I was saved from the indignity of being called a sissy by a neighbor in our building named Allen. He was a year older and very wise about sports. He taught me “pinners”. It was a simple game usually played by two persons with a rubber ball. One would stand inches from a wall or stair and throw the ball against it in such a way as to have it bounce off and go towards the other player several feet away in the field of play. I’m sure other neighborhoods had different names for this game. If the fielder caught the ball cleanly, it was an out; otherwise, a runner was safe on base. A ball that flew over the fielder’s head was an automatic hit and depending on how far it went- as agreed to before the game- decided if it was a double, triple or homer. We’d play nine inning games as well as several matches for what seemed hours.
In the alley in the back of the building we’d play catch or swing a bat at a ball. Being six or seven years old, I wasn’t very good and more in the developmental stage, taking this all in for use at a later date.
Down the block, a double empty lot that we called a “prairie†was our battleground for war games. The ground sloped from the alley toward the street so it was like a small hill. This was before the days of caring about ecology and the environment. We’d find discarded large corrugated cartons by consumers who had bought their first television set, automatic washer or frost-free refrigerator. We’d go inside these cartons and roll down the hill pretending that we were fighting in tanks.
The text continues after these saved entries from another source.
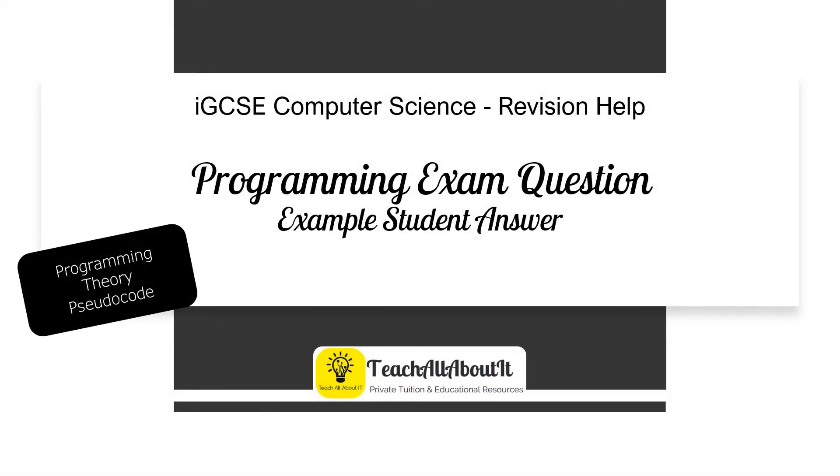Hi, my name's Holly. I'm a computer science tutor and I run TeachAllAboutIt. Today we're going to be looking at a past paper question for programming theory from the CIE IGCSE computer science syllabus.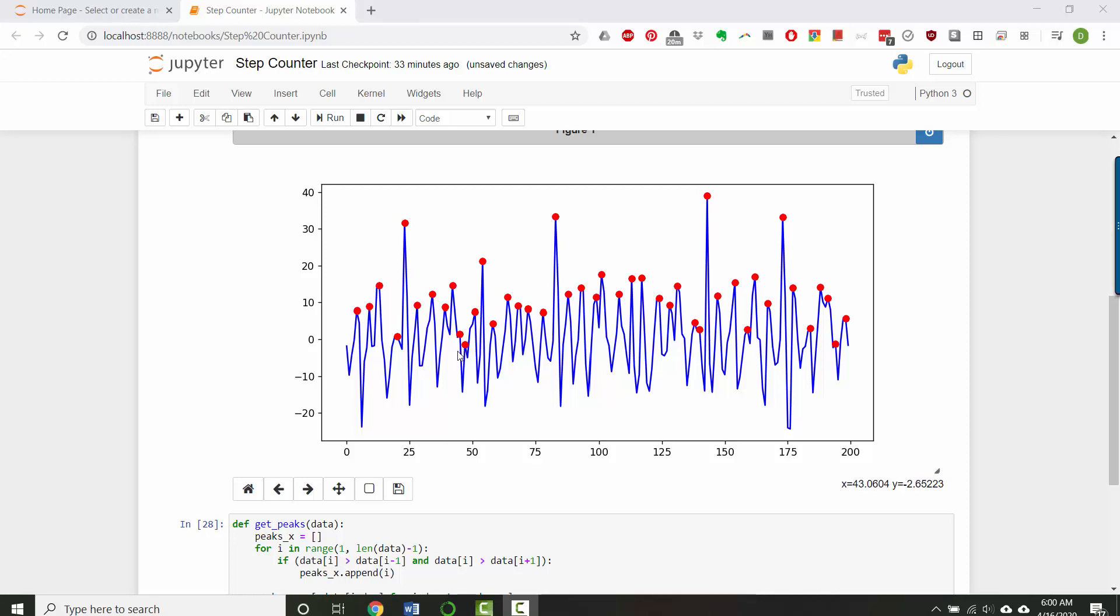So you might want to play around and run this code on different input data sets because we started with that one where I'm running. But I have a whole bunch of other ones where I'm sort of more wandering than running. And in the next step, we'll think about how to improve this code.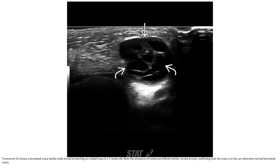This is an ultrasound of a herniated ovary presenting as a labial mass in a seven-week-old infant. Note the presence of numerous follicles, confirming that the mass is in fact ovarian tissue — a herniated ovary.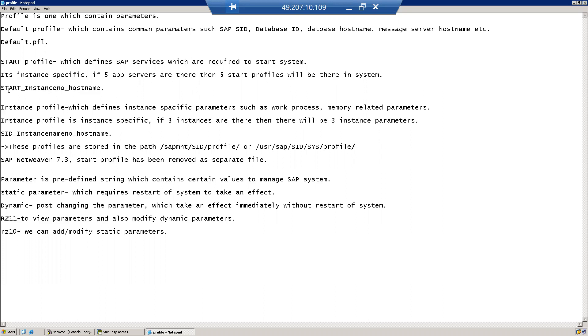How to identify the start profile: it can be identified with START_<instance name>_<number>_<hostname>.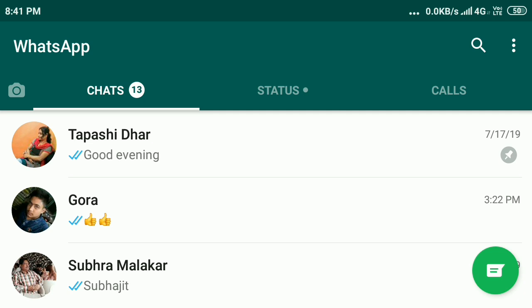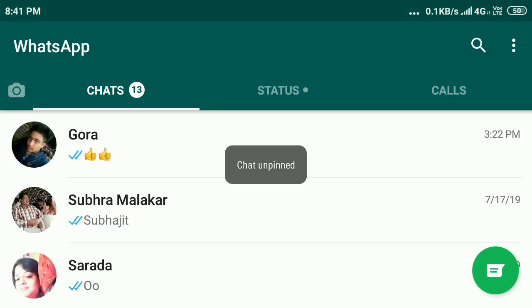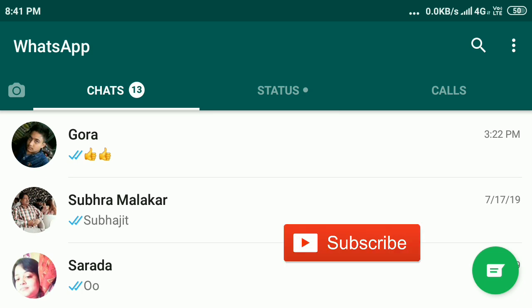Tap and hold and here is the pin option on the top. Click this and automatically the chat will be unpinned. In this way you can pin and unpin chat in WhatsApp.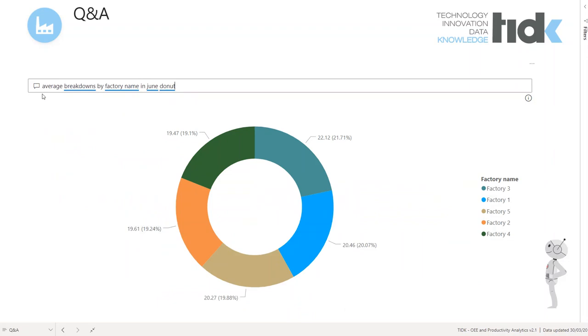Thank you for watching this Power BI Solution Overview by DEDK.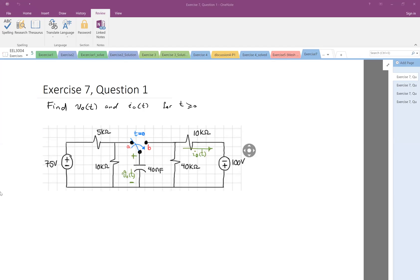So this circuit is given, and we need to find V0(t) and I0(t). This is an RC circuit. We have a capacitor, we have several resistors, and we have DC sources.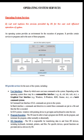Now let us see operating system services. An operating system provides an environment for the execution of programs. It provides certain services to programs and to users of those programs.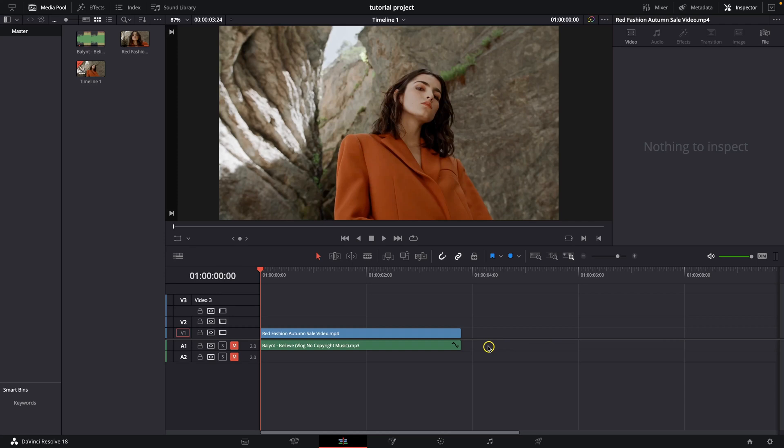Hey guys, my name is Elijah and in today's tutorial I will show you how to add a picture in DaVinci Resolve. It's very simple and straightforward, guys. I will show you.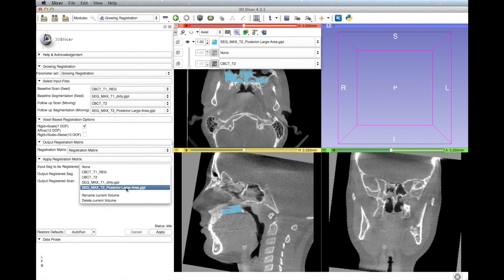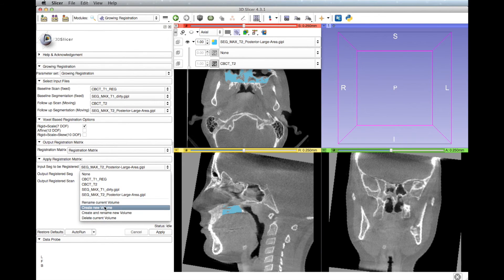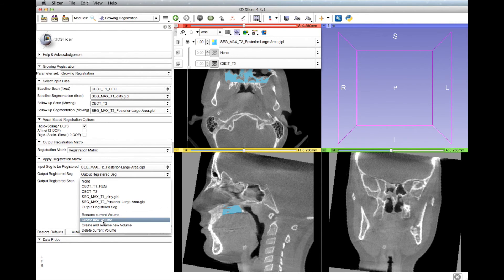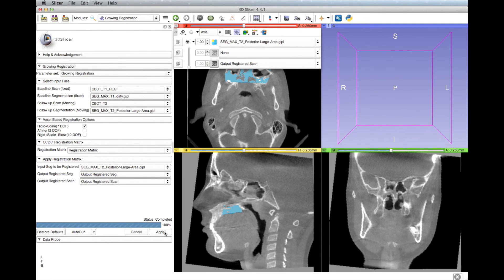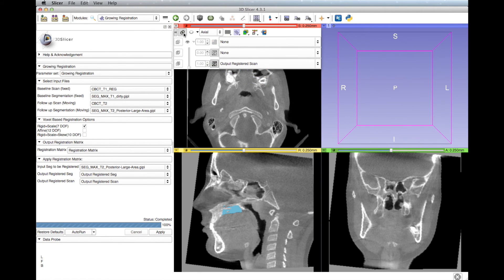For Apply Registration Matrix, at Input Segmentation to be Registered, select the T2 mandible segmentation. For both Output Registered Segmentation and Output Registered Scan, select Create New Volume. Click Apply and let the software run. You can check the results by comparing the T1 scan with the output registered scan by clicking the pin icon and selecting the double caret icon and the double rings icon if they're not already selected.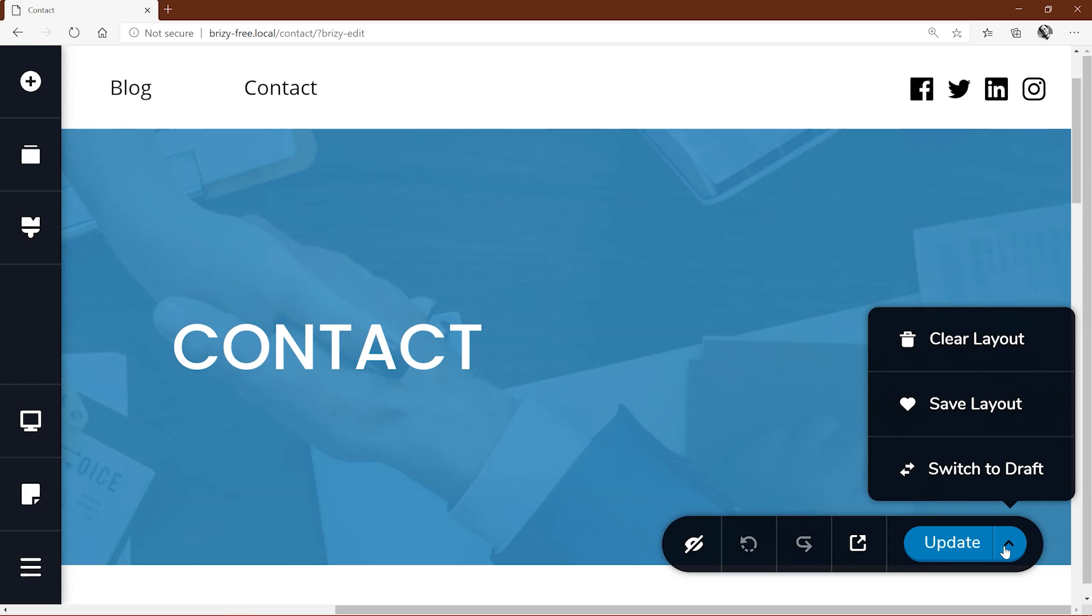When you select update, you are basically saving any changes you've made to your page and publishing it right away to your site, meaning that any visitor coming to your site will be able to see those changes.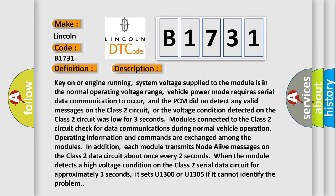Key on or engine running, system voltage supplied to the module is in the normal operating voltage range. Vehicle power mode requires serial data communication to occur, and the PCM did not detect any valid messages on the class 2 circuit. Or the voltage condition detected on the class 2 circuit was low for three seconds.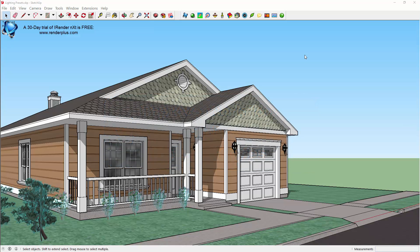Hello everyone, Russell Holden with RenderPlus Software. I'd like to spend a few minutes introducing you to a RenderPlus feature called Material Styles. Material Styles is a very efficient way to explore design alternatives and so I think will improve your workflow, especially if you use SketchUp during the design process.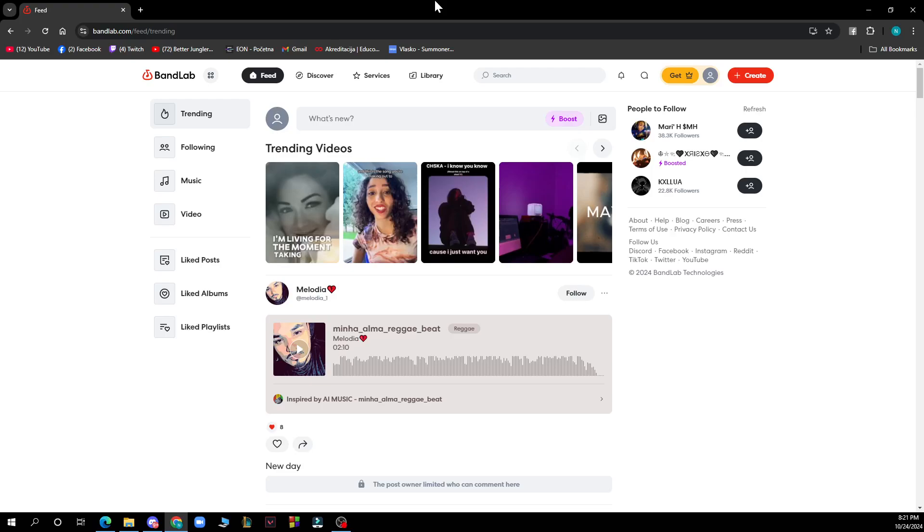Hello guys and welcome back to this channel where today I'll be showing you how to fix latency on BandLab. So guys, the first thing that you need to do is go to Google and type in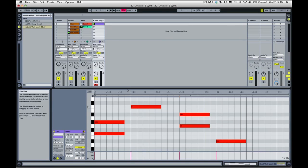To do that, we're going to use clip envelopes to automate the filter frequency on the Simpler instrument. This is probably one of the coolest features about Live—the way that you can automate in your clips.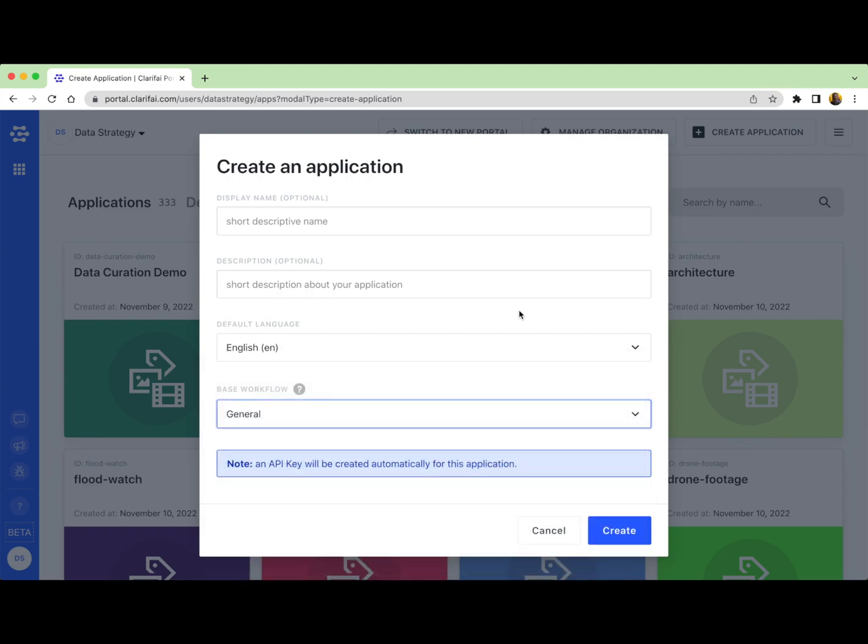A base workflow includes one pre-built Clarify model that provides the basic structure for indexing your data. It gives you kind of a head start when you're working with your data by pre-indexing your inputs for search and by providing a default embedding space for your custom models. Your base workflow is what makes your data sortable and searchable immediately when it's uploaded. So you'll want to choose a base workflow that you can build upon to create your desired custom model.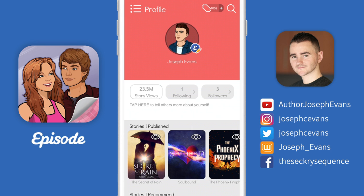As you can see, the first thing your profile displays is how many story views — or reads, as a lot of us call them — you have. I'd like to take this opportunity to give a massive thanks to everyone who has read any of my stories for getting me to a whopping 23.5 million. Thank you so much guys — it really is a dream come true to have that many reads.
After a battle, we’d take out our candy cigarettes and pretend to smoke just like the soldiers did on tv.
In the late 1950’s and early 60’s, westerns were so popular that they comprised more than half the shows in prime time. The number one rated show for the year 1959 was a western. Naturally, little boys played with toy guns of all types of construction.
By this time living in the Austin neighborhood, I had a toy gun that shot out plastic bullets. They went flying and could hurt an unsuspecting person if it hit him in a sensitive area. This was before consumer safety laws addressed this type of issue. Then I migrated to a gun that shot caps. I’d open the metal gun barrel from the side just as they did on tv and load a roll of red paper onto a spool. The paper was affixed with sulfur spots every two-eights of an inch I guess. If I shot the gun properly, it would cause a continuous round of realistic sounding popping noise and I’d smell the sulfur and see brief sparks of smoke in the air.
After a while, my parents would yell at me to stop playing in the indoor back porch with the gun or go outside and use it. Too often, the roll would not flow properly, so I’d forget about loading it in the gun and instead lay it out on the sidewalk, strike it with a rock and start a continuous round of pop gun noise. Yeah, I know what you think- cheap thrills.
During the warm months, especially around July when the bugs would be outside at night, a group of us would light up punks. They were long sticks that had some type of material at the top that caused it to stay burning for a while as it let off smoke and a strange smell. It was supposed to ward off the bugs and it also got us a little high.
When our family moved to West Rogers Park on Chicago’s north side in late 1968, I was now a junior in high school and too old to play goofy games. We lived in a townhouse development that had a very large shared parking lot in front of all the houses. All the kids in this cooperative played in the lot indifferent to the coming and going of cars. I’d play catch with the kids regardless of their age and as soon as my kid brother was old enough to put on a baseball glove, I was tossing grounders to him as well.
More than forty years later, my mother still lives there and the third generation of kids from the development go outside to play in the parking lot. But it is mostly to ride their bikes and tricycles in good weather or play on the snow mounds during the winter. It’s not that these kids are inside on a spring or summer night watching television or chatting up on Facebook because none have those entertainment or social comforts. Their parents don’t allow it. It’s just that kids don’t play ball anymore outside. Which has me concerned about the future of America. But, that’s another story.